§ Exercise materials
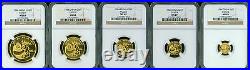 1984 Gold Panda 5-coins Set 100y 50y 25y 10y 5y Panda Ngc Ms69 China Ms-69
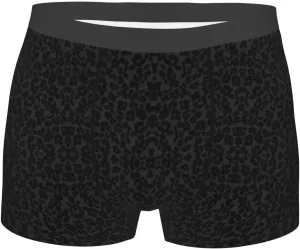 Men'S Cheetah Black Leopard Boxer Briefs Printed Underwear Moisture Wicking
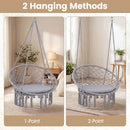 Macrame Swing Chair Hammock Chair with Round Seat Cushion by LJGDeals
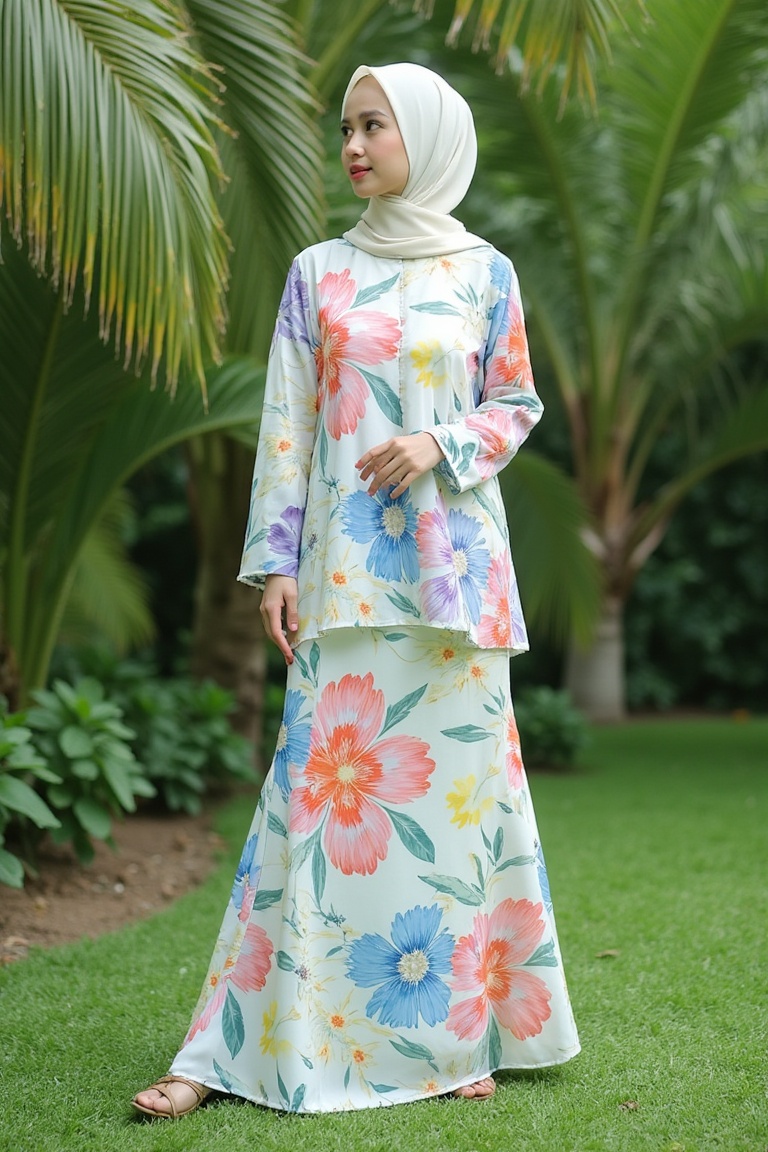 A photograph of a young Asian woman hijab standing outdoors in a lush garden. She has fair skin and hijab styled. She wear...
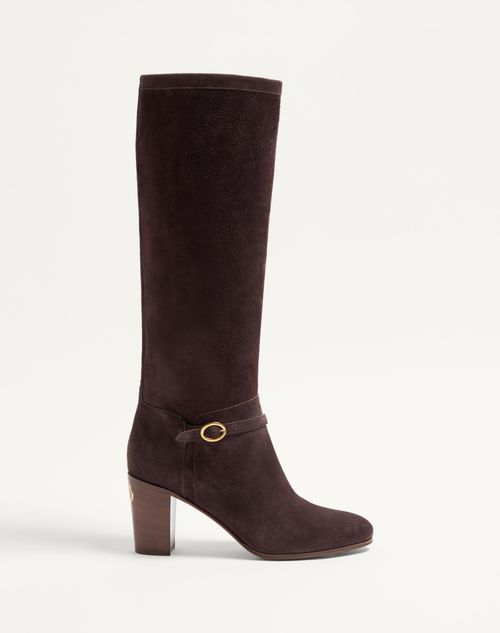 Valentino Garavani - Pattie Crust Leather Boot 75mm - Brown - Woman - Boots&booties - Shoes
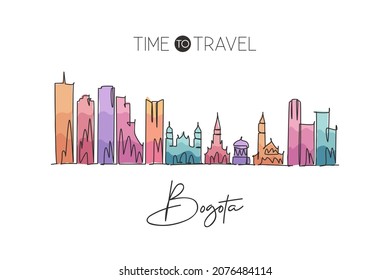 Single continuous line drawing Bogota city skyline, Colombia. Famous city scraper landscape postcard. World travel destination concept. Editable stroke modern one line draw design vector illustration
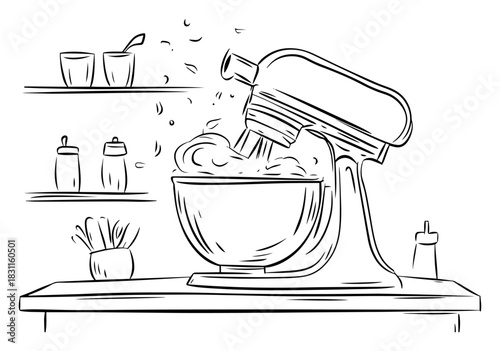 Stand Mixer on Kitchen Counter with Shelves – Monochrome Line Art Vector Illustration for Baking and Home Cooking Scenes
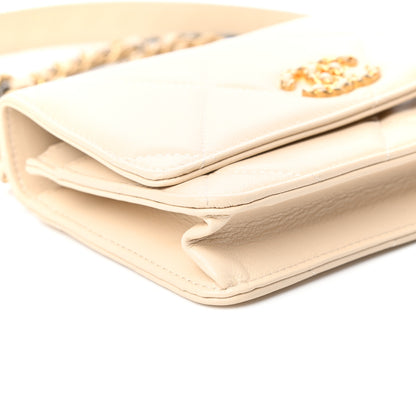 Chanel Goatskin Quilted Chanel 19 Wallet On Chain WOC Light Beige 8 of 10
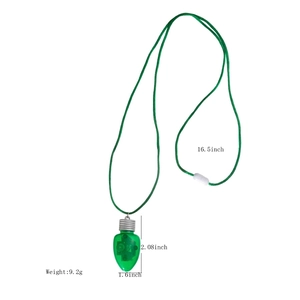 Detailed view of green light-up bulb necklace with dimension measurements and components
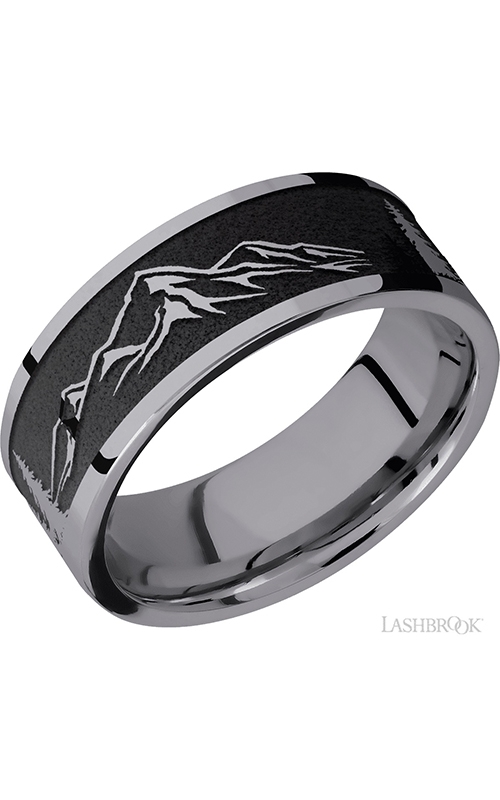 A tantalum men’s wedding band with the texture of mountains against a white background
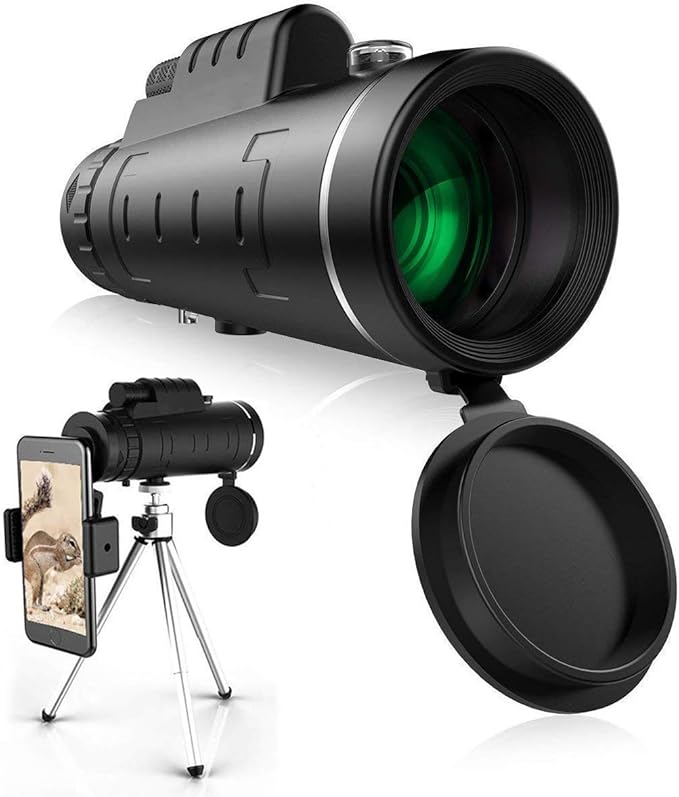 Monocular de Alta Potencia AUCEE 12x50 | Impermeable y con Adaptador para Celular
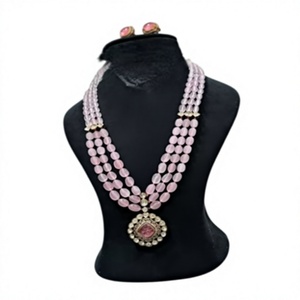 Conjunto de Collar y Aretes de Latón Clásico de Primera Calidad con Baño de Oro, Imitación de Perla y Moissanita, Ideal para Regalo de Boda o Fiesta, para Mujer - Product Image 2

---

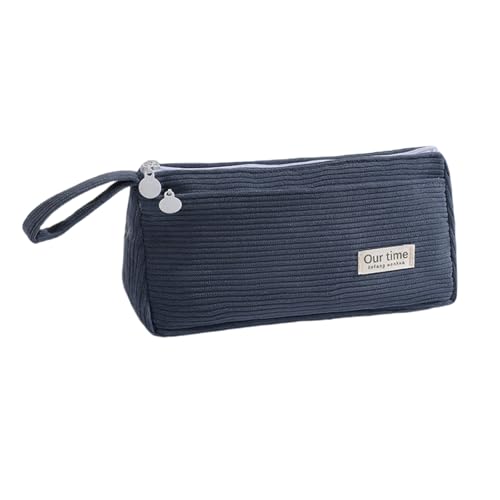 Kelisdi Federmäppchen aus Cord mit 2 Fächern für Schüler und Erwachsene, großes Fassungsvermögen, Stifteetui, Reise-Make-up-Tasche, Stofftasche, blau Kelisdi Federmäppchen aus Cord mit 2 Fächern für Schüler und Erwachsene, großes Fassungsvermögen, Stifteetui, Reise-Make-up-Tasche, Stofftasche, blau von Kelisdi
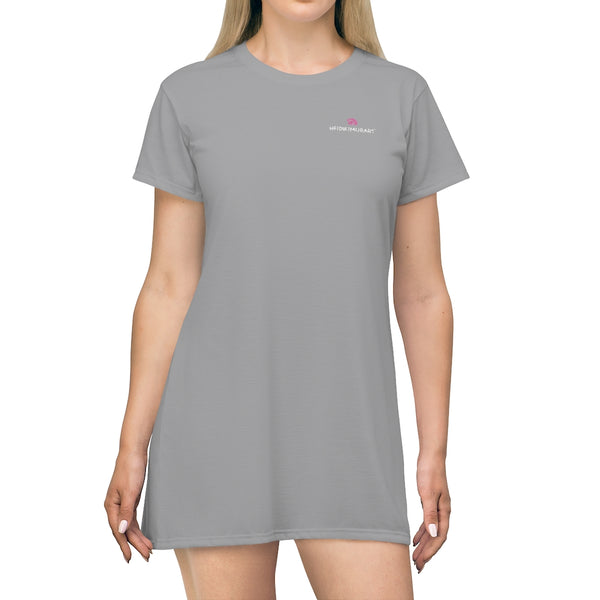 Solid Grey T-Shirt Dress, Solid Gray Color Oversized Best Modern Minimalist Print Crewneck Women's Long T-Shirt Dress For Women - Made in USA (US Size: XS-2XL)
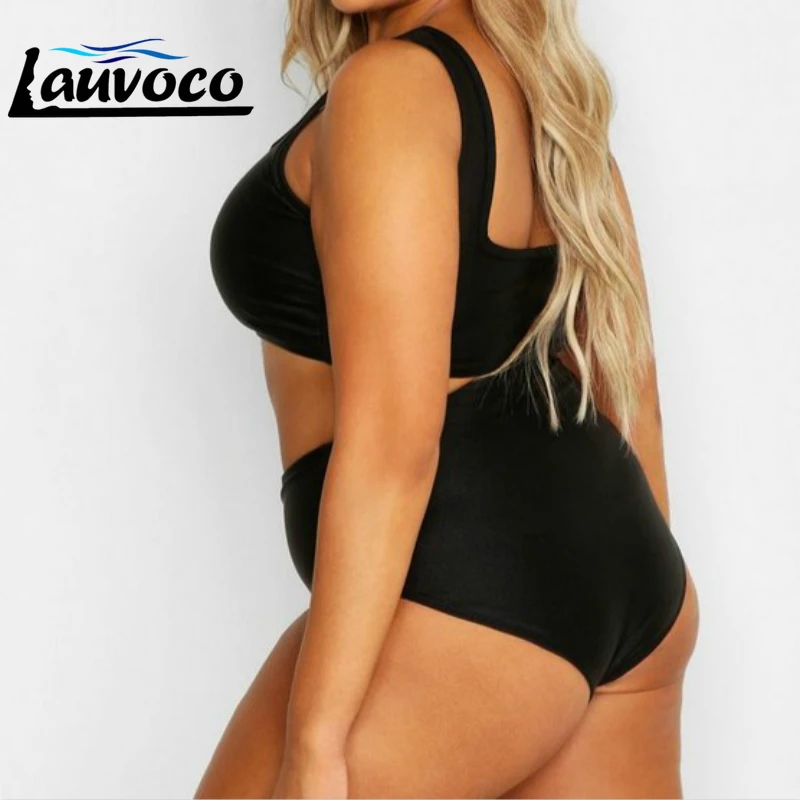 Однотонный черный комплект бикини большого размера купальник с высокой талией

* * *

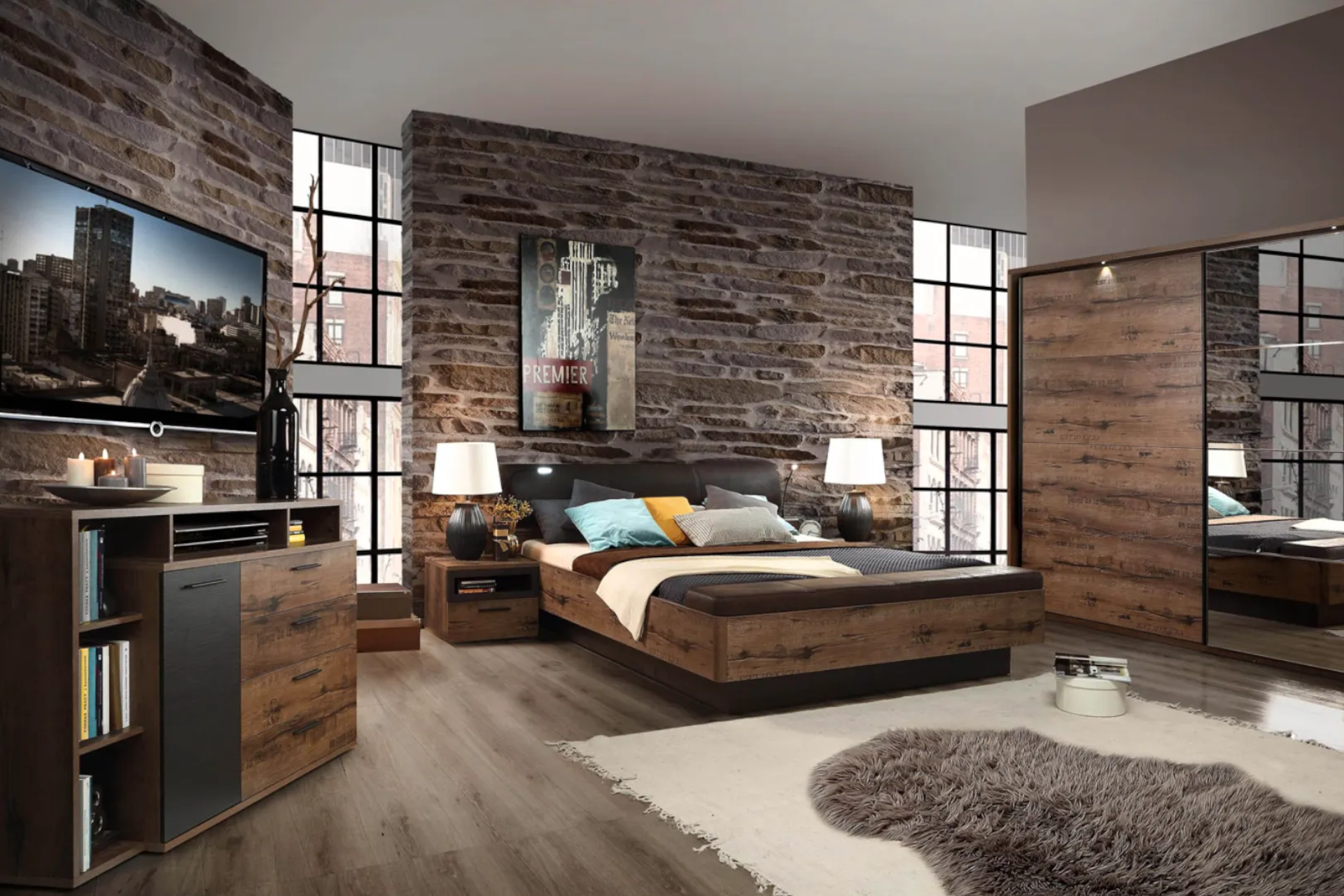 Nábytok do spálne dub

§ Exercise
Of all the material above, only the lines from the one that has "Chanel Goatskin Quilted" down to the one that has "Conjunto de Collar" are to be written out, exactly and with both ends included. Pictures are skipped.

§ Result of this task
 Chanel Goatskin Quilted Chanel 19 Wallet On Chain WOC Light Beige 8 of 10
 Detailed view of green light-up bulb necklace with dimension measurements and components
 A tantalum men’s wedding band with the texture of mountains against a white background
 Monocular de Alta Potencia AUCEE 12x50 | Impermeable y con Adaptador para Celular
 Conjunto de Collar y Aretes de Latón Clásico de Primera Calidad con Baño de Oro, Imitación de Perla y Moissanita, Ideal para Regalo de Boda o Fiesta, para Mujer - Product Image 2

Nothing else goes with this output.